Ray & Liz, 2018.
Written and directed by Richard Billingham.
Starring Ella Smith, Justin Sallinger, Patrick Romer, Tony Way, Sam Gittins, Joshua Millard-Lloyd and Deirdre Kelly.
SYNOPSIS:
A poverty-stricken family living in the Black Country during the 1980s struggles with the constant spectre of financial peril.
From the very first shots of photographer turned filmmaker Richard Billingham’s debut feature Ray & Liz, it’s clear this isn’t a rose-tinted take on working class Britain. The camera follows flies buzzing around the grubby home of the first half of the titular couple and we see snippets of his daily routine. It’s a sad existence that consists of pottering around one room, while swigging dodgy home-brewed beer from unlabelled plastic bottles.
This sad tableau becomes the framing device of a movie that predominantly focuses on two incidents from Billingham’s real childhood, told via flashback.
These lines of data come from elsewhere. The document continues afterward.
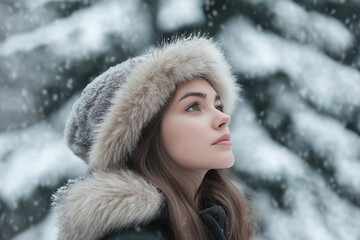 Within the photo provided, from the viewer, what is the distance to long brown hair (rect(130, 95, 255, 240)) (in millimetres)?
1311

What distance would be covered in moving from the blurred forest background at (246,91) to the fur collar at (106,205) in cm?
212

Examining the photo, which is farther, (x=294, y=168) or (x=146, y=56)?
(x=294, y=168)

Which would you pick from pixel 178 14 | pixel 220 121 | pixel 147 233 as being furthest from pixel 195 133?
pixel 178 14

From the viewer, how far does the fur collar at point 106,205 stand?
120cm

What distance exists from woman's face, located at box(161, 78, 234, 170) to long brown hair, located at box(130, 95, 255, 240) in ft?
0.14

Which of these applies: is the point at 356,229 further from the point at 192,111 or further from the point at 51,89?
the point at 51,89

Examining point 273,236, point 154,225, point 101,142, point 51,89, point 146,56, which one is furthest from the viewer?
point 51,89

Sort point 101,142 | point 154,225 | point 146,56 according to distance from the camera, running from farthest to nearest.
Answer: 1. point 146,56
2. point 101,142
3. point 154,225

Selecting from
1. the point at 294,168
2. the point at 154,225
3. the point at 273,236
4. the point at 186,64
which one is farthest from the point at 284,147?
the point at 154,225

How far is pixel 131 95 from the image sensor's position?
4.78 ft

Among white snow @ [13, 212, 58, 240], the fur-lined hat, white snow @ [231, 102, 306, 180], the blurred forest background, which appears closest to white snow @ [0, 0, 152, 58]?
the blurred forest background

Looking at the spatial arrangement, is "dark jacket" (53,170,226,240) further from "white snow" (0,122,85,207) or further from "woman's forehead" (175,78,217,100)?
"white snow" (0,122,85,207)

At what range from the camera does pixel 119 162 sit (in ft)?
4.75

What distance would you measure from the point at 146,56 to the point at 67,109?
2086 millimetres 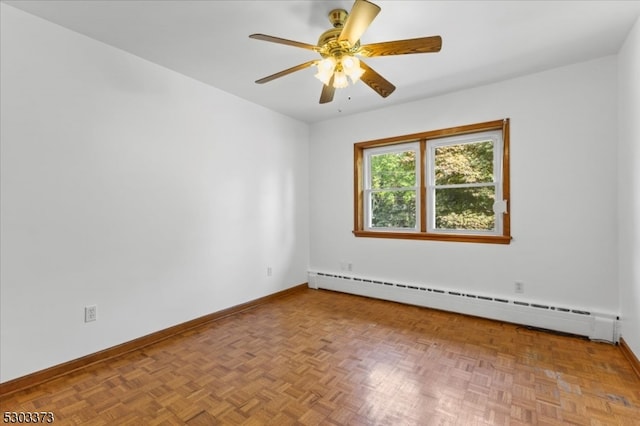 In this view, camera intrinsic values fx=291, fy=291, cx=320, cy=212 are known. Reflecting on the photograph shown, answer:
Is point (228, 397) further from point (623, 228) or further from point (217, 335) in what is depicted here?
point (623, 228)

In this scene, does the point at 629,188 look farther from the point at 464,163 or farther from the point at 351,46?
the point at 351,46

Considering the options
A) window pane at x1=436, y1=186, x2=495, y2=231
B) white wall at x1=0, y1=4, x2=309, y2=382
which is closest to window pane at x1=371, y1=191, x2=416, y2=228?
window pane at x1=436, y1=186, x2=495, y2=231

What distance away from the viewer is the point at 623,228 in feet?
8.18

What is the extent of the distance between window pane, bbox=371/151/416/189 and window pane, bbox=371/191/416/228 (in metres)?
0.13

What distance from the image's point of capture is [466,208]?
3533 mm

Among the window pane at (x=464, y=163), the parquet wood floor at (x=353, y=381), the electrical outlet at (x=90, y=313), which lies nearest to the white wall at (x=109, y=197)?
the electrical outlet at (x=90, y=313)

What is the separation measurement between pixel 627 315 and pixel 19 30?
5109 millimetres

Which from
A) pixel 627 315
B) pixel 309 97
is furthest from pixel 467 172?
pixel 309 97

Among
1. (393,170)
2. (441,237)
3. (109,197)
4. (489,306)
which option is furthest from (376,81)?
(489,306)

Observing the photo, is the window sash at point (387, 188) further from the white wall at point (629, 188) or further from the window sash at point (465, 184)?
the white wall at point (629, 188)

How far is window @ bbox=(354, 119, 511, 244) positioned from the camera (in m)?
3.32

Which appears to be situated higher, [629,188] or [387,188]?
[387,188]

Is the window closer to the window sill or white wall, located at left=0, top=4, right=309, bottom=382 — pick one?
the window sill

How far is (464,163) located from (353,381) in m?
2.78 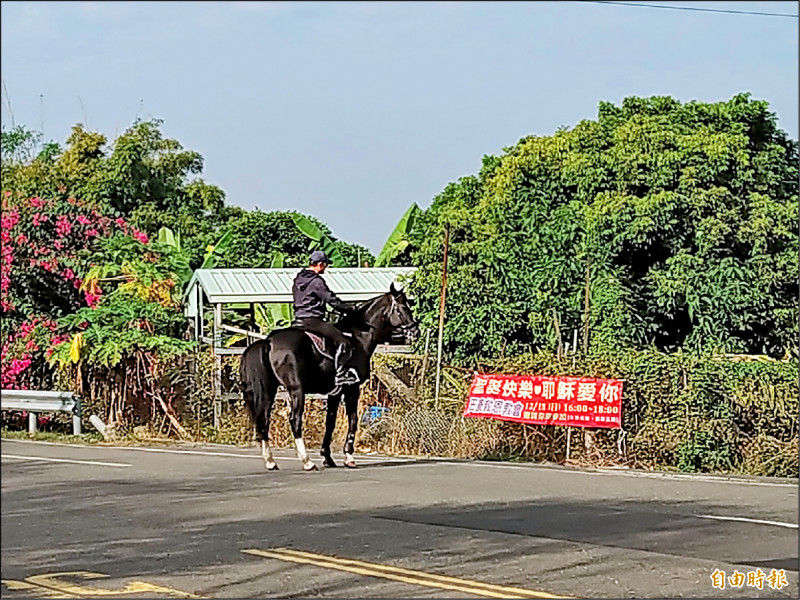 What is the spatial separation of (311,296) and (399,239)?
15.4 meters

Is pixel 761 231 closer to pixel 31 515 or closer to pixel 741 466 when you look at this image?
pixel 741 466

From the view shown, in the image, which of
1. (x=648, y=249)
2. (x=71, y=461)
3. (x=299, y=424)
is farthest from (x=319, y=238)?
(x=299, y=424)

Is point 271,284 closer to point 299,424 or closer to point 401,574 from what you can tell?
point 299,424

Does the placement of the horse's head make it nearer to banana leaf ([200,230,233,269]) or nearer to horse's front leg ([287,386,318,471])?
horse's front leg ([287,386,318,471])

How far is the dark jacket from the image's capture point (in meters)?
15.1

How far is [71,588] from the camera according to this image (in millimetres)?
8461

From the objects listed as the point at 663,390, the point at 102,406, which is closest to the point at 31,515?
the point at 663,390

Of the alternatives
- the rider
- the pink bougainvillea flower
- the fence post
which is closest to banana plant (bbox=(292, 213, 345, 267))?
the pink bougainvillea flower

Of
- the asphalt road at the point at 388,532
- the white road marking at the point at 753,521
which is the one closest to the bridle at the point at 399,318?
the asphalt road at the point at 388,532

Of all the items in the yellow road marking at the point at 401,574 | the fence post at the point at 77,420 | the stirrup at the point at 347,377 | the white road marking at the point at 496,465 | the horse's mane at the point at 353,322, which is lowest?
the yellow road marking at the point at 401,574

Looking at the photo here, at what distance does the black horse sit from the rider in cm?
12

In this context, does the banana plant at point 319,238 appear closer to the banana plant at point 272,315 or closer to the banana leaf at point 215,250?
the banana leaf at point 215,250

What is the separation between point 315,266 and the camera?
15.3m

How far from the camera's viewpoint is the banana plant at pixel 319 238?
99.1ft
The first sees he and toddler brother Jason left in the care of a hapless relative (Tony Way), who is tricked by the couple’s intimidating lodger (Sam Gittins) into downing most of Liz’s (Ella Smith) secret booze supply. When she and her husband (Justin Sallinger) return, all hell breaks loose. The second story recounts the time Jason (Joshua Millard-Lloyd), now aged 10, disappeared for several days around Bonfire Night.
There’s no doubting the straight-faced verisimilitude of Billingham’s filmmaking, with the tobacco-stained walls and grotesque alcoholic beverages being a hallmark of the critically acclaimed photographic works from which the film is inspired. Billingham’s camera rams itself into the claustrophobic living rooms and hallways of the Midlands in the Thatcher era, creating a pervasive atmosphere of grim desperation. You can almost smell the fag smoke.
The central performance, too, is fierce and committed. Ella Smith as the brash, crude matriarch of the family is absolutely the standout – a force of nature at the centre of a film that’s often a little too willing to sit in silence. From the moment we meet Tony Way’s timid Uncle Lol, it’s clear he is every bit as terrified of Liz as he is of the thuggish lodger who eventually becomes his undoing. Smith keeps the movie afloat with a performance that feels as real as it does outlandish. It’s fitting when Benefits Street star Deirdre “White Dee” Kelly turns up as an older version of Liz, as she feels like the modern analogue of Smith’s character.
Unfortunately, the rest of Ray & Liz can’t match up to the twin pillars of its setting and its central performance. Given the potential of this world and the strength of Smith’s work, it’s shocking that Billingham – making his feature debut – is so willing to devote his running time to dramatically inert and over-extended scenes that are closer to photographs than they are to cinematic moments. The film is far stronger when it’s observing the sadness of the couple’s stash of cigarette butts found under a subway – “there’s an inch of white left on some of those” – than it is when it tries to cast a more artful eye on the environment in which this family lives.
As much as Ray & Liz delivers when it comes to portraying the milieu of Billingham’s childhood, in the same way as his famous photographs did, it doesn’t quite reach the heights it should as a movie. Ella Smith dominates proceedings with a very strong performance, but the sparse narrative and fairly lacklustre supporting cast is on far shakier ground.